二十一、清算

 結果の説明は父が一人で聞きに行き、また注文された別の店の菓子を土産に帰ってきた。

 それから休憩もせず、すぐに資料を広げて説明を始める。


 あの遺跡と開発派については予想外の事実はなかった。彼らの目的は、魔法使い適性の高い人間を見つけるのではなく作ることだった。本気でそれが人々の役に立つと考えていた。ヒトの新たな進化。魔法を生物としてのヒトに組み込み、新たな段階に進むこと。そのための予備実験だと推定された。


「新たな段階って?」

「魔法が特別じゃなくなるようになる。
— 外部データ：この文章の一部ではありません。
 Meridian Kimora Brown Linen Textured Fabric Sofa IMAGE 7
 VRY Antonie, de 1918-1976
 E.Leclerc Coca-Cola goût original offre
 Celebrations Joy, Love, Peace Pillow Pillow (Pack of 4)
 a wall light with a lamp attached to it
手足を使うようにだれでも魔法を使えるってのが狙い」

 香織の質問に父が答え、そのまま続ける。


「協会や先生、魔法市民会には証拠付きで告発してきた。こっちは静かにしていたい、波風は立てたくないと伝えてきた」

「本当に害はないの? 小鳥とか植物以外に」

 母は眉をひそめている。想像していても事実と分かったのはやはり不快なのだろう。

「ない。それも調べてくれた。あの遺跡の呪文と増幅器ではそこまではできない。それと、変異された小鳥と植物だけど、子孫までは伝わらないって。開発派もそのくらいは慎重だったみたいだな」

「でも、季節外れにさえずるようになったんならどっちにせよ生殖は難しくなる。一時的に数が減るね」

 健一はそう口を挟み、不快感を隠さなかった。軽率な行為だ。明らかにはされないとは言え、関係者が早期に処分されてよかった。

「軍は?」

 香織が聞いた。

「先生経由で伝えてある。手を引くよ」


「これで一段落ね。健一、それに皆ご苦労様」

 母が土産の菓子を出しながら言った。健一はまたなにか起こるだろうと思っていたが、一段落というのは間違っていないし、しばらく穏やかに過ごせそうなので機嫌よく黙って食べた。
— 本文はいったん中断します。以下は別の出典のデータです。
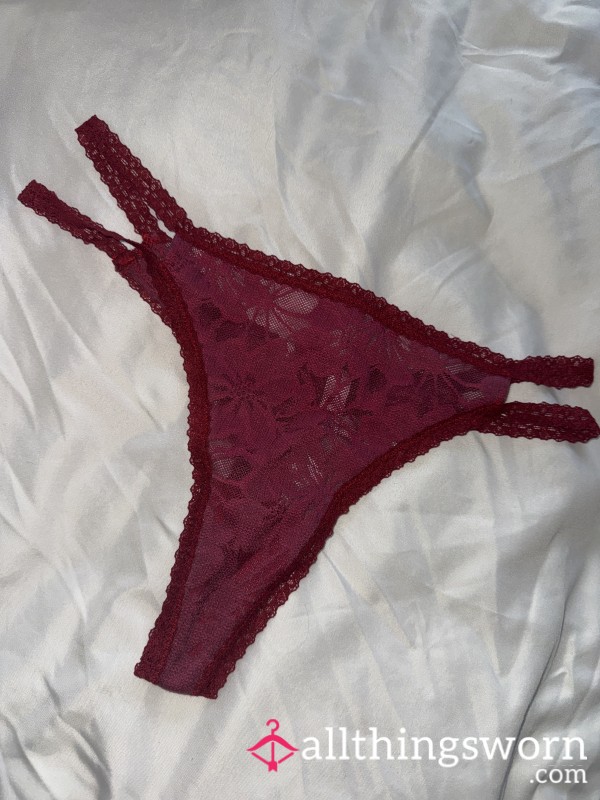 Victoria Secret Red Thong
 木島には知らせなかった。あの時の、関わり合いになりたくないという強い意志が頭に残っていた。


 注意深く見ていれば、協会と魔法市民会、そして軍で異動と体制変更があったのに気づくだろうが、それを紐付けられるのはごくわずかな人たちだけだ。事情を知らなければそんなこと気にも止めないだろう。


 仕事はいつもどおりだったが、認可など、協会側の手続きが早くなったように感じる。母や香織は今回の影響だと言っていた。おかげで準備に割く時間が増え、より丁寧な仕事ができるようになったのは助かった。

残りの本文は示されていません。